Ghostwriting? What? Is that worth it? Ken Scott talks a bit about that today. Let's join in: 
 
I found out from a Sky news survey only yesterday that apparently three out of four people would like to change careers frustrated and unfulfilled in the jobs they have stumbled into. The same survey also published a list of the top ten careers those questioned would like to pursue.

The obvious ones were in there of course. A professional sportsman, an astronaut and a scientist and lo and behold, in there at position number three was writer/author.

The average person unfamiliar with our industry has a strange perception on what the life of an author entails. They assume a book is written, it is published, finds its way into the top book stores, (and window displays too) receives rave reviews from the critics and generates huge sales. Royalties pour in making the author very rich and the publishers queue up around the block to waive their six figure advance cheques for the sequel.

It’s as easy as that.

The reality however is somewhat different.

I am fortunate enough to have stumbled into ghost writing, that is writing books for other people who pay me to do so. (Rather incredible for a boy who left school with no formal education, thank goodness for my editor!)

Ghost-writing was not the way I envisaged my writing career progressing but it does pay the bills and allows me to continue with my own historical and crime fiction novels and yes it gives me the status of a professional writer. I have also been privileged to meet more than one or two incredible people in pursuit of my career including two real life heroes, ex POWs from World War II, Horace Greasley and Lise Kristensen.

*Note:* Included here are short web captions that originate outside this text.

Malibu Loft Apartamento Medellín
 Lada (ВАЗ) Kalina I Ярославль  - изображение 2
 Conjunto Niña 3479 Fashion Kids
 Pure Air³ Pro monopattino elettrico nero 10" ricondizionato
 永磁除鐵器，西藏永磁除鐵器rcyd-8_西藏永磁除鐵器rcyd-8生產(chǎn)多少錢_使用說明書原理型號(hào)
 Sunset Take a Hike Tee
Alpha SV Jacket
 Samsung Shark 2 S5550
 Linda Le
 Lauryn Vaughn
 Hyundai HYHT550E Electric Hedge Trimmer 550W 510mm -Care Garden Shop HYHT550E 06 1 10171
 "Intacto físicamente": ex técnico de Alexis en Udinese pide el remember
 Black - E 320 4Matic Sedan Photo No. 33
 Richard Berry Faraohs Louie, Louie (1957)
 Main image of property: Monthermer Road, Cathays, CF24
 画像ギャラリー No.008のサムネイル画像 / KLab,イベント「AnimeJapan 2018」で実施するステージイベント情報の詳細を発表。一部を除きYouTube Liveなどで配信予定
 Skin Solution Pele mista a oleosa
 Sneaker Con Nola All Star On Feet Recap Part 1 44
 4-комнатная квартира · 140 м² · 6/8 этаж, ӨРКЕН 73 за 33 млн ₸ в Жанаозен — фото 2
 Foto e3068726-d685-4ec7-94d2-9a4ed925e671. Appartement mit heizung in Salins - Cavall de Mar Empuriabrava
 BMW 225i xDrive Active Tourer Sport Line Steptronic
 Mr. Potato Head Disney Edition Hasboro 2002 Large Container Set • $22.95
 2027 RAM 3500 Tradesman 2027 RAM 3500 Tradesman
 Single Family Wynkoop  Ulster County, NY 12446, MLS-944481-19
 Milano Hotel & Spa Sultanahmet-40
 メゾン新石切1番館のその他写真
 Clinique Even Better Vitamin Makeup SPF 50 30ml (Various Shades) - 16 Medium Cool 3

But there are an awful lot of balls to juggle out there and I confess at times it is more than a little frustrating to see the book I have written for someone else sell 50 or 60,000 copies whilst my own books hardly make it into a bookstore and some do not even find a publisher at all. The real heartache is knowing that the books who haven’t made it to the bookstore are better than the ones who have sold in their countless thousands.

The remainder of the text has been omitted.